* _Directions for this task_: The answer must give back every line of the data exactly, with no pictures.

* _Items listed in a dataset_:
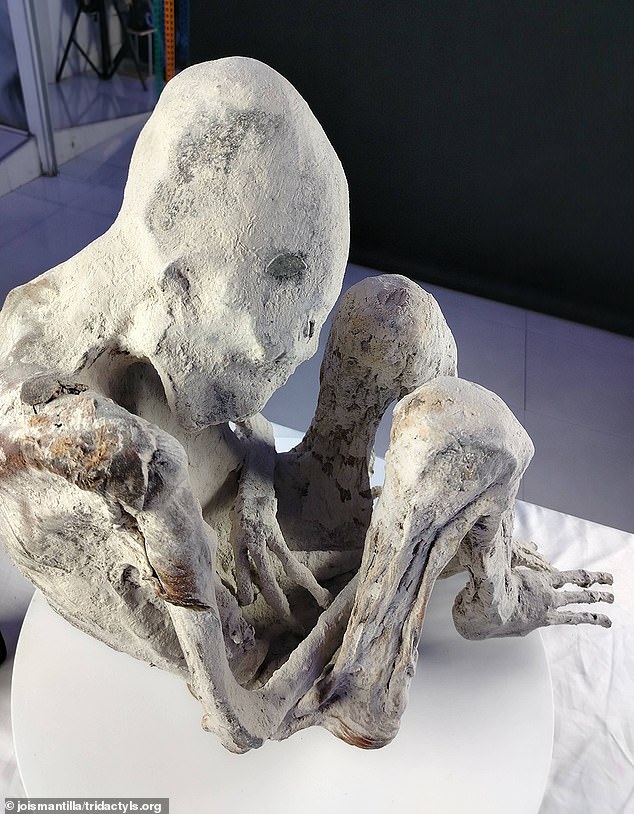 Scientists said they found the fetus inside an alien mummy they named Montserrat, who they claim was less than 30 weeks pregnant when she died 1,200 years ago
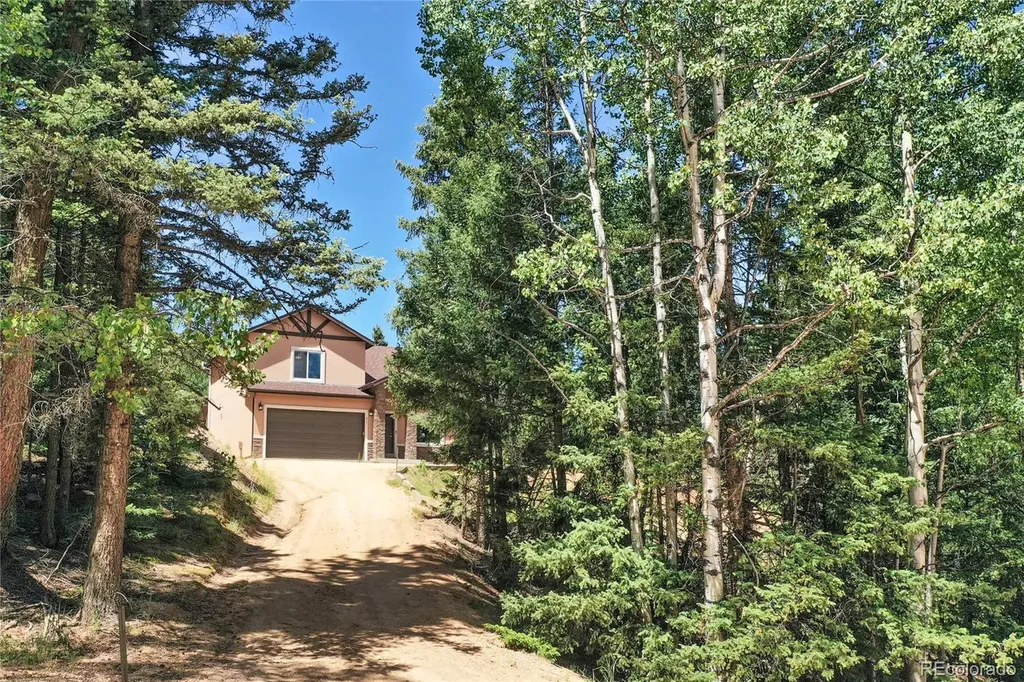 71 Mt Elbert Drive Florissant CO 80816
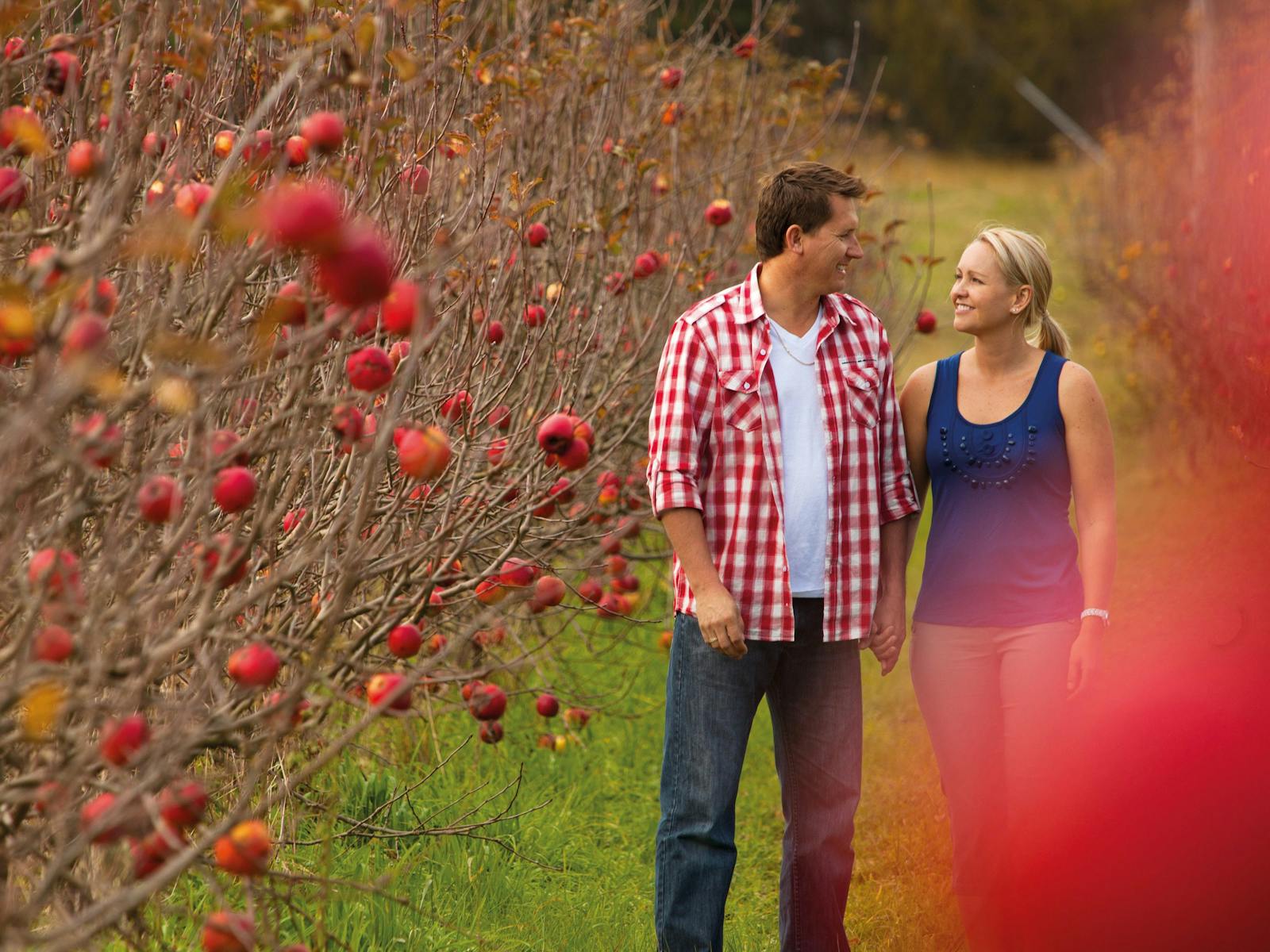 Gourmet Country Escape - Brisbane to Stanthorpe and Toowoomba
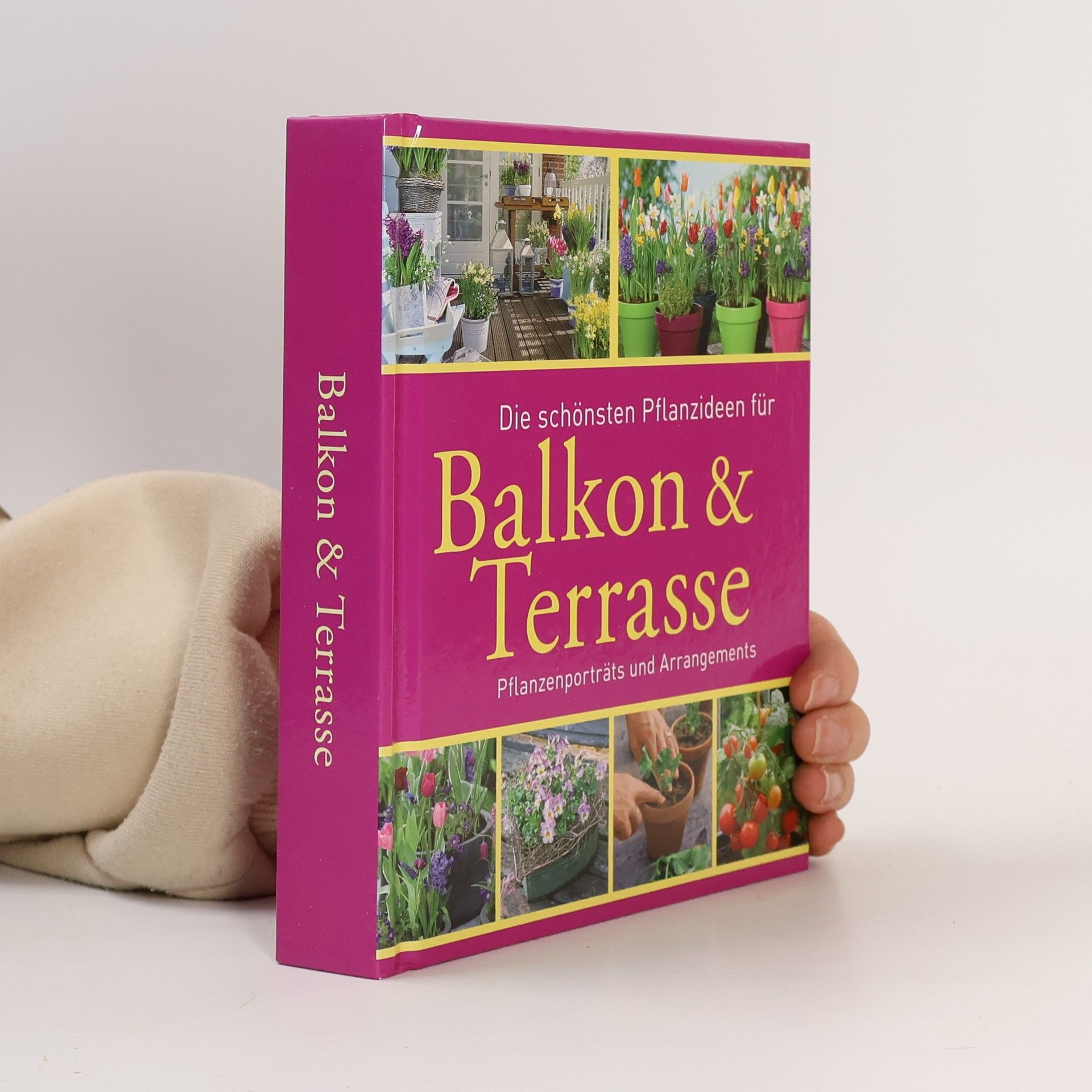 Bross-Burkhardt Brunhilde Und Christine Weidenweber Die schönsten Pflanzideen für Balkon & Terrasse Pflanzenporträts und Arrangements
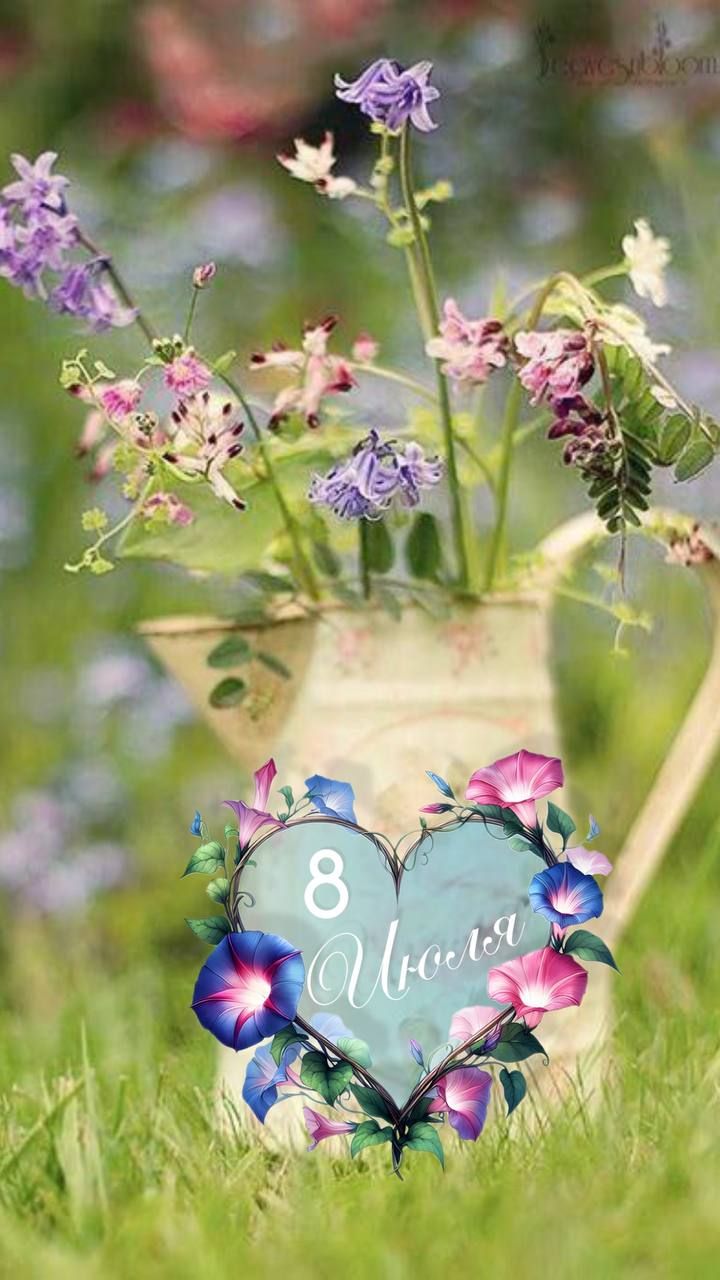 8 Июля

* _Solution below_:
 Scientists said they found the fetus inside an alien mummy they named Montserrat, who they claim was less than 30 weeks pregnant when she died 1,200 years ago
 71 Mt Elbert Drive Florissant CO 80816
 Gourmet Country Escape - Brisbane to Stanthorpe and Toowoomba
 Bross-Burkhardt Brunhilde Und Christine Weidenweber Die schönsten Pflanzideen für Balkon & Terrasse Pflanzenporträts und Arrangements
 8 Июля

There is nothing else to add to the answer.